Hähnchenbrust mit Preiselbeer-Senf-Soße

Hühnerbrust mit Preislbeer-Senf-Soße - Chicken with Cranberry Mustard Sauce

Das Originial-Rezept aus USA heißt „Chicken with Cranberry Mustard Sauce“. Nun bekommt man Cranberries (bei uns Kranbeeren oder Moosbeeren genannt) hierzulande nicht so einfach. Daher habe ich stattdessen die im Rezept vorgeschlagenen Preiselbeeren genommen. Die haben auch einen herb-säuerlichen Geschmack und gehen wohl geschmacklich in Richtung Cranberries.

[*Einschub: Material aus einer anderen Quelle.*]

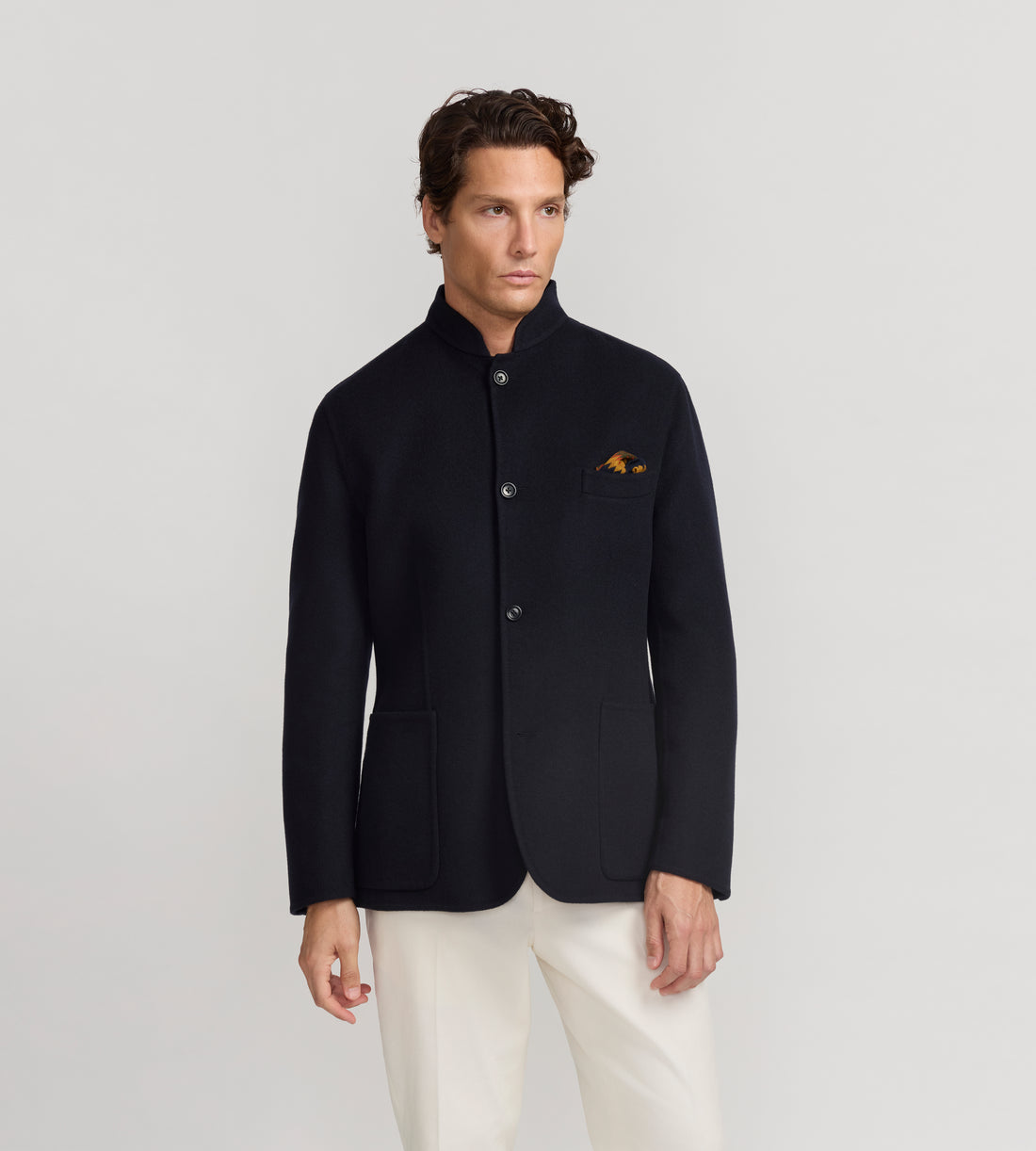 Veste en cachemire bleu nuit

Genauso schwierig ist die Beschaffung von Cranberry-Saft, aber auch da gibt es eine Alternative im Rezept: Apfelsaft.  Dann habe ich noch eine Änderung gegenüber dem Originalrezept vorgenommen: anstelle des Zwiebelpulvers habe ich eine richtige Zwiebel genommen. Zwiebelpulver findet sich in meinem Gewürzregal nämlich genausowenig wie dieses unsägliche Knoblauchpulver. Das Ergebnis finde ich sehr lecker. Die Soße ist fruchtig-herb mit einer leichten Schärfe, die sie durch den Senf erhält. Anstelle von Hähnchenbrust soll auch Entenbrust dazu passen – das kann ich mir gut vorstellen.

Zutaten
  • 4 Hähnchenbrustfilets
  • 1 TL Zwiebelpulver 1 große Zwiebel
  • 1 TL getrockneten Thymian
  • 1/2 TL getrockneten Rosmarin
  • Salz und Pfeffer
  • 4 EL Butter
  • 2 EL Mehl
  • 1 TL scharfer Senf
  • 1 EL körniger Senf
  • 225 ml Hühnerfond
  • 150 ml Cranberrysaft (oder alternativ Apfelsaft)
  • Prise Zucker
  • 50 g getrocknete oder 100 g TK-Cranberries (oder 5 EL Preisselbeeren aus dem Glas)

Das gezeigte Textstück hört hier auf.